After Luke ran off to who knew where, Tanner whispered, “We don’t need a ring if you say yes, Miss Tuesday. Dad says we only need to love each other and never be mean to each other and… and…”
Tuesday pulled Tanner over Grissom’s shoulder and into her arms. Her eyes welled with tears as she covered his pale face with tiny kisses. “I loved you the second I saw you. You made my heart sing, sweet baby of mine.”
Grissom lay there beside the tender scene, wiping his face with his free hand and so damned proud of the woman holding his firstborn like a treasure instead of a weapon to be used against him. Tanner needed Tuesday in his life as much as Grissom did. He wiped his face again. Damned tears! They kept running down his face. Which didn’t really matter, not as hard as Tanner and Tuesday were crying all over each other.
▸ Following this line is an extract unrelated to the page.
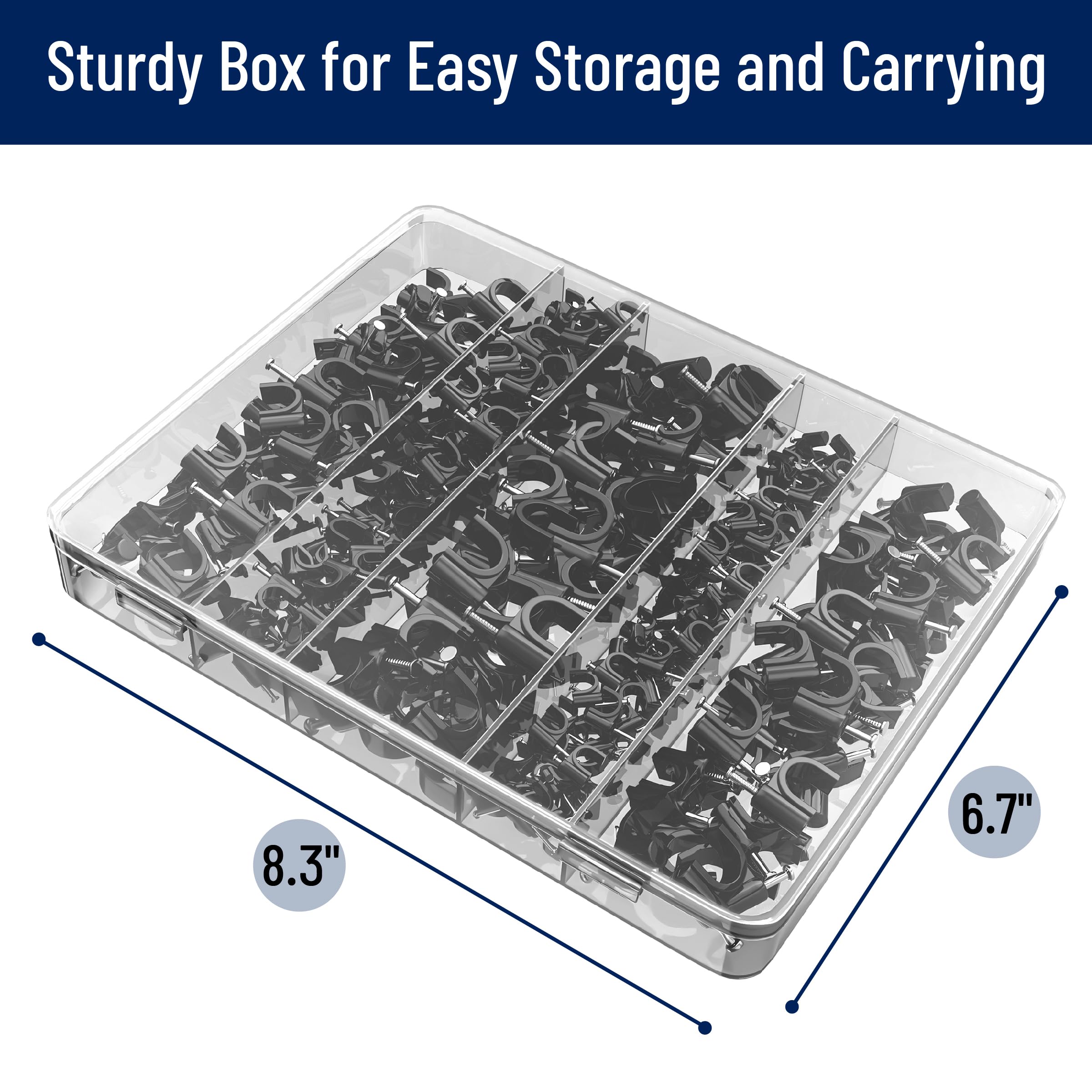 Bates  Cable Clips With Steel Nails, 360 Pcs, Black, 4Mm 5Mm 6Mm 8Mm 10Mm, Cord Clips For Wires On Wall, Cable Wall Clip, Wire W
She kept murmuring sweet nothings into his face and hair, her hands smoothing over his head and shoulders, his back, then over his dripping wet face again. And like the selfish, spoiled brat he’d never been in his life, Grissom wanted her hands and every one of her kisses on him.
“I love you, Tanner,” she murmured, her voice soft and sweet and so damned motherly. “I will always love you.”
Grissom lifted an arm over his eyes to hide his tears. “Merry Christmas,” he whispered, hoping he hadn’t sabotaged the day and the rest of his boys’ lives by being so damned emotional and asking that particular question. Tuesday wasn’t ready to move in with him, much less marry him. They’d only met, really met, a couple days ago. They didn’t know each other well enough to commit to each other. What the hell was wrong with him, putting the moves on her like he had? Normal people dated. They courted. They grew together. Over. Time. Significant amounts of time, not just twenty-four or forty-eight hours or however long it’d been.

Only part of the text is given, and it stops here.